=== Section Start ===

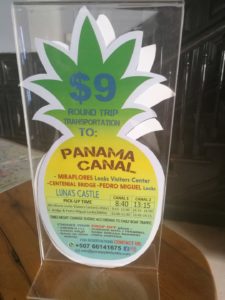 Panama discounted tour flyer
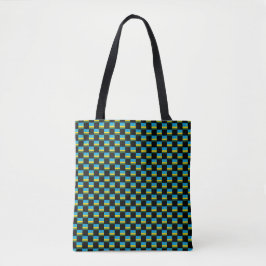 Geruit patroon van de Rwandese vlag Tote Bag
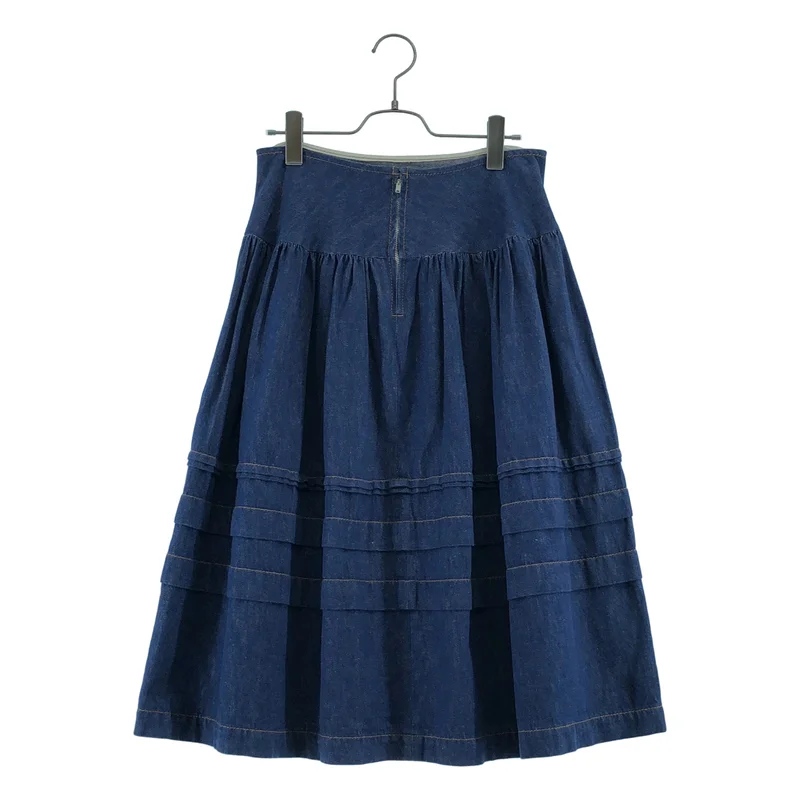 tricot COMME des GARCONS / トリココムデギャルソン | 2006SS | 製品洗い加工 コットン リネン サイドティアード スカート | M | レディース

=== Section End ===
=== Section Start ===

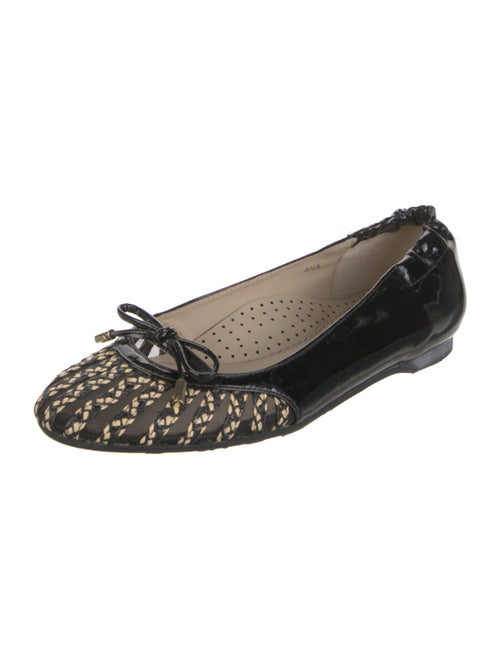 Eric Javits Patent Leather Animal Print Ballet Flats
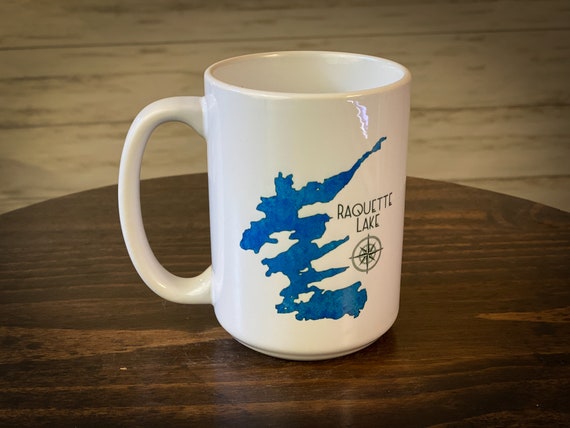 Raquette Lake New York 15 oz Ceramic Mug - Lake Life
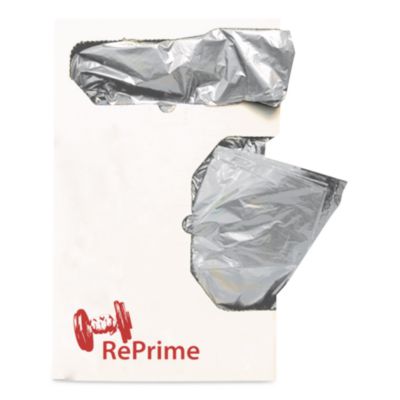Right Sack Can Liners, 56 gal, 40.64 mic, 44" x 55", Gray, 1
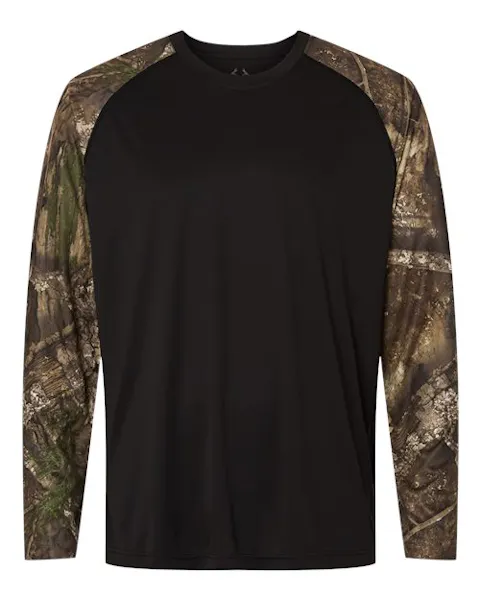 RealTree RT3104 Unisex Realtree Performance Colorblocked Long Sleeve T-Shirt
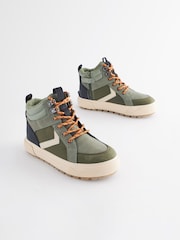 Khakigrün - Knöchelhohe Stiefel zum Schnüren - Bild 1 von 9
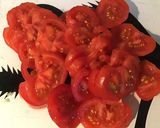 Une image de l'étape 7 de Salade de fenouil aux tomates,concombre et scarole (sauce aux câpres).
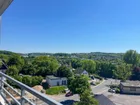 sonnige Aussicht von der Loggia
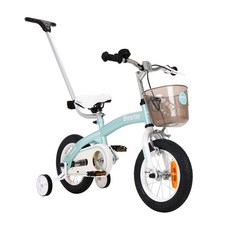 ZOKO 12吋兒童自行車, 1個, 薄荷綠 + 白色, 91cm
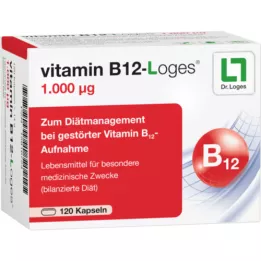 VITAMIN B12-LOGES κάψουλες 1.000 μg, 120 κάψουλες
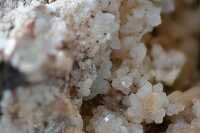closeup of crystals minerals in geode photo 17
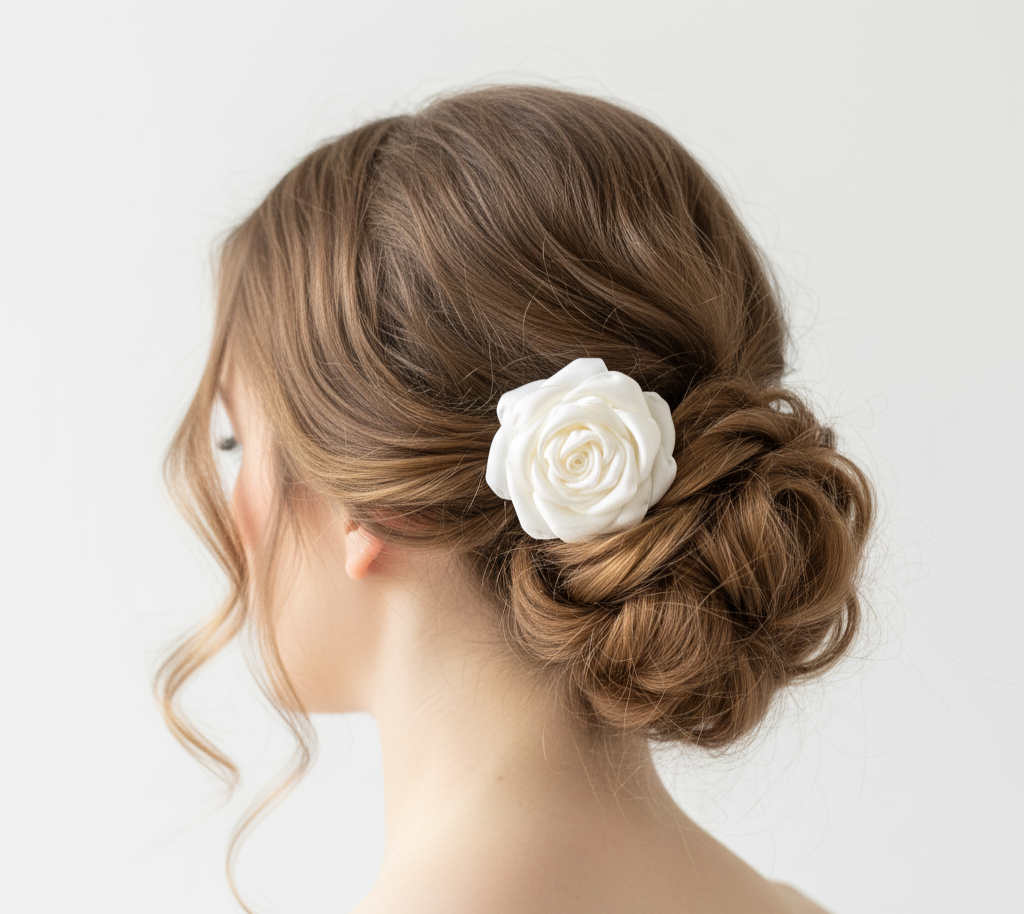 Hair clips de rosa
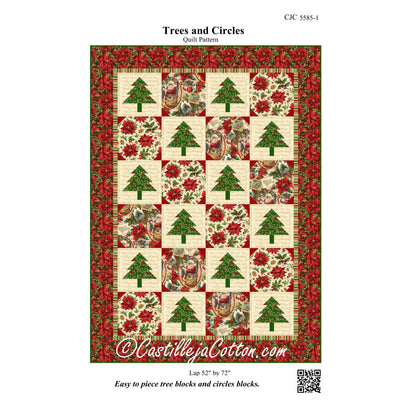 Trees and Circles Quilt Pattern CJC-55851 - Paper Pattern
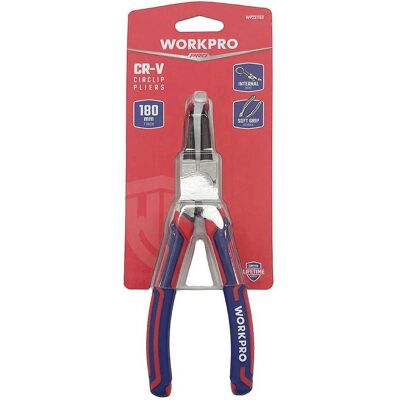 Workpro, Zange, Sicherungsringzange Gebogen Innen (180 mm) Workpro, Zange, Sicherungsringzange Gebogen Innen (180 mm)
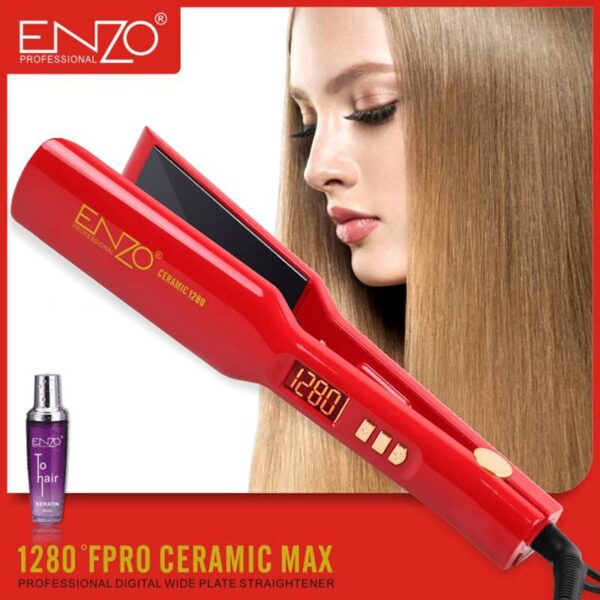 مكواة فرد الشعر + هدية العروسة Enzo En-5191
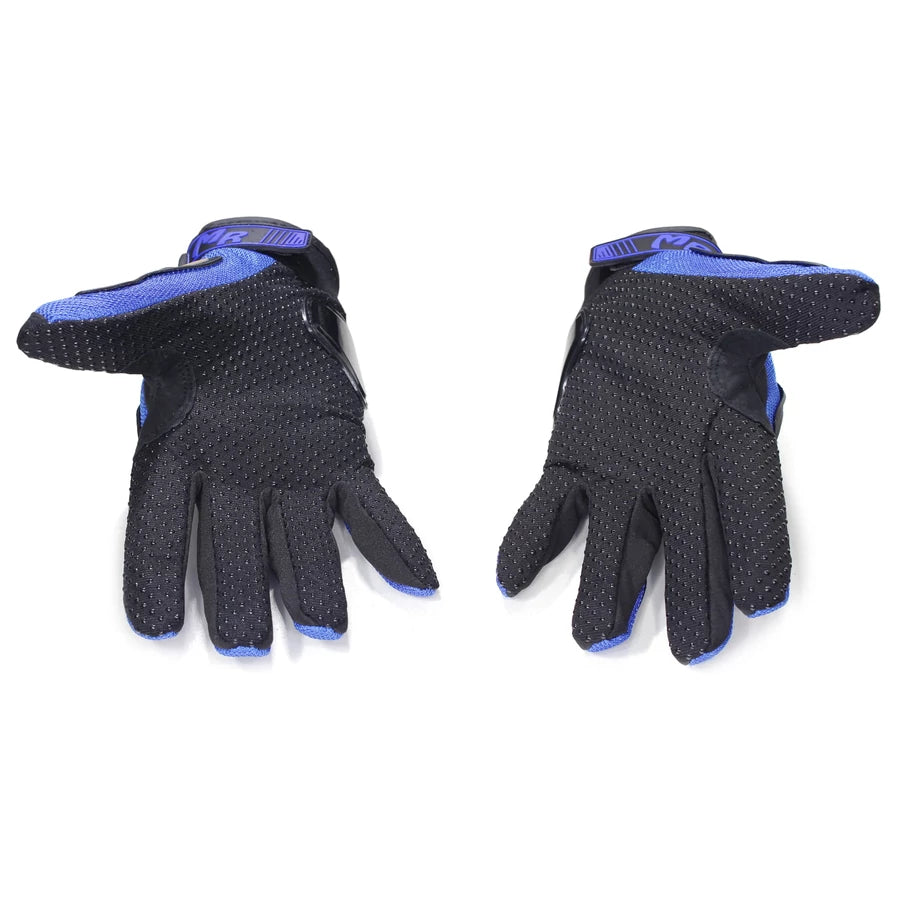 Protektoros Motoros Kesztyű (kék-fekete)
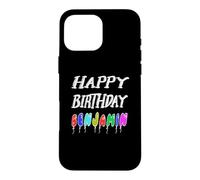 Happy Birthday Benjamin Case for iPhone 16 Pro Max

=== Section End ===
=== Section Start ===

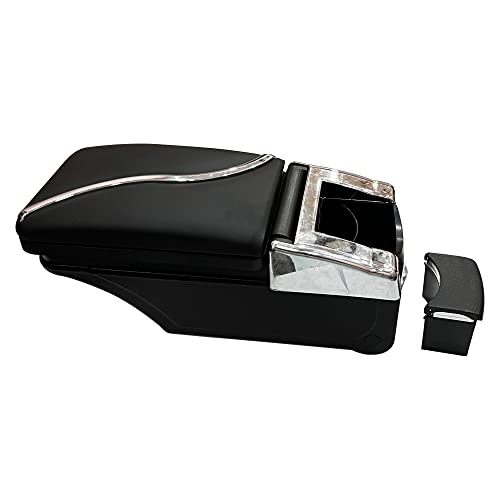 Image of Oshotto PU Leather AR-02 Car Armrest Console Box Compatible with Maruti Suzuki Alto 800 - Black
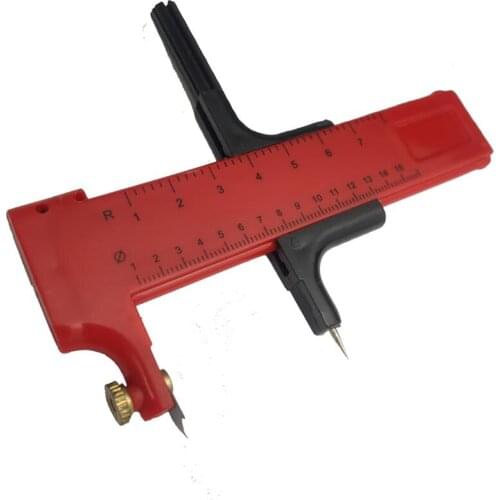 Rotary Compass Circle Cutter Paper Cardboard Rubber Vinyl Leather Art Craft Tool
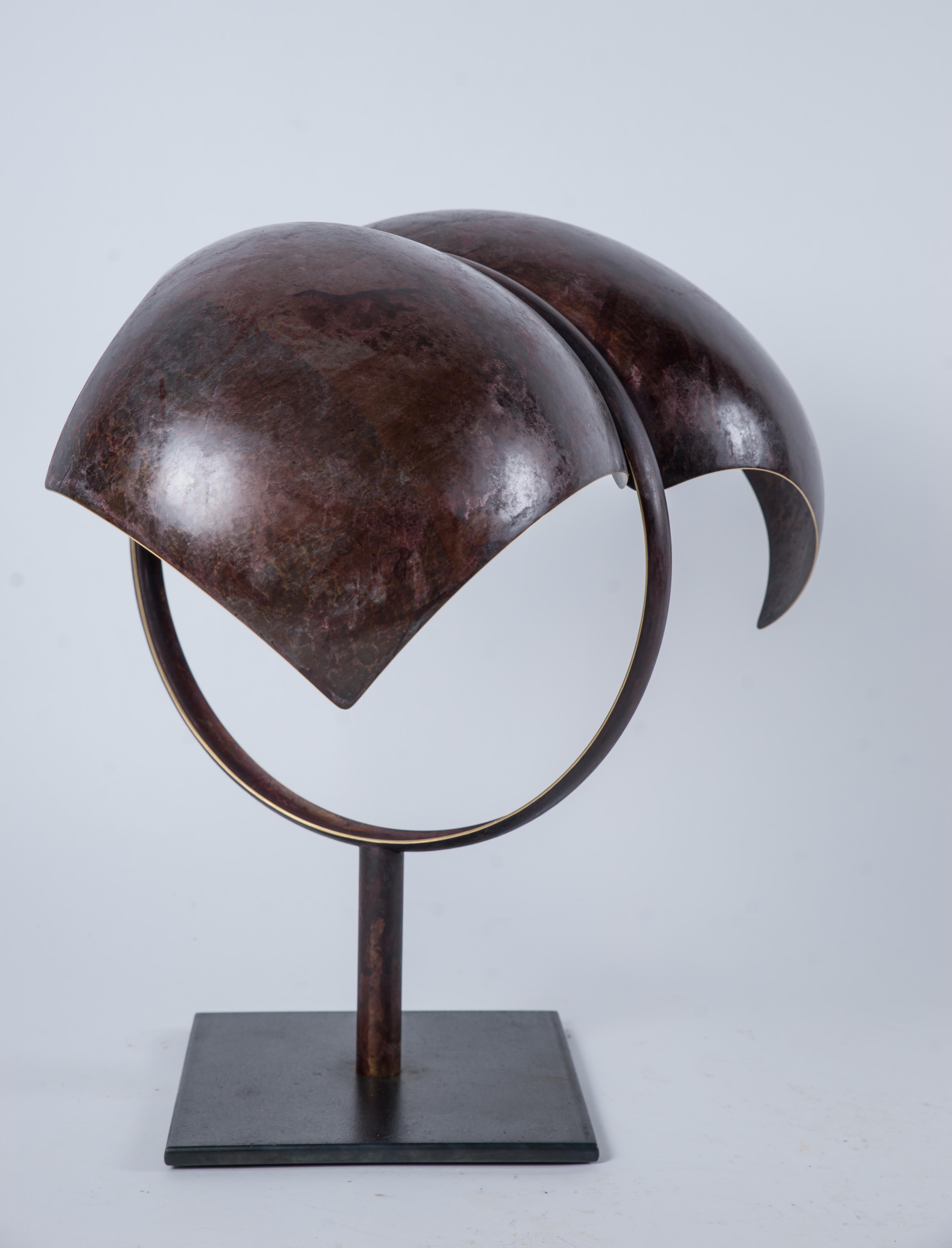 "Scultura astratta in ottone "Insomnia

=== Section End ===

▸ **PROBLEM TO WORK ON**: For the entries above, print exactly the lines between the one with "Raquette Lake New" and the one with "Happy Birthday Benjamin", inclusive, with no pictures.

▸ **YOUR RESPONSE**:
 Raquette Lake New York 15 oz Ceramic Mug - Lake Life
Right Sack Can Liners, 56 gal, 40.64 mic, 44" x 55", Gray, 1
 RealTree RT3104 Unisex Realtree Performance Colorblocked Long Sleeve T-Shirt
 Khakigrün - Knöchelhohe Stiefel zum Schnüren - Bild 1 von 9
 Une image de l'étape 7 de Salade de fenouil aux tomates,concombre et scarole (sauce aux câpres).
 sonnige Aussicht von der Loggia
 ZOKO 12吋兒童自行車, 1個, 薄荷綠 + 白色, 91cm
 VITAMIN B12-LOGES κάψουλες 1.000 μg, 120 κάψουλες
closeup of crystals minerals in geode photo 17
 Hair clips de rosa
 Trees and Circles Quilt Pattern CJC-55851 - Paper Pattern
 Workpro, Zange, Sicherungsringzange Gebogen Innen (180 mm) Workpro, Zange, Sicherungsringzange Gebogen Innen (180 mm)
 مكواة فرد الشعر + هدية العروسة Enzo En-5191
 Protektoros Motoros Kesztyű (kék-fekete)
 Happy Birthday Benjamin Case for iPhone 16 Pro Max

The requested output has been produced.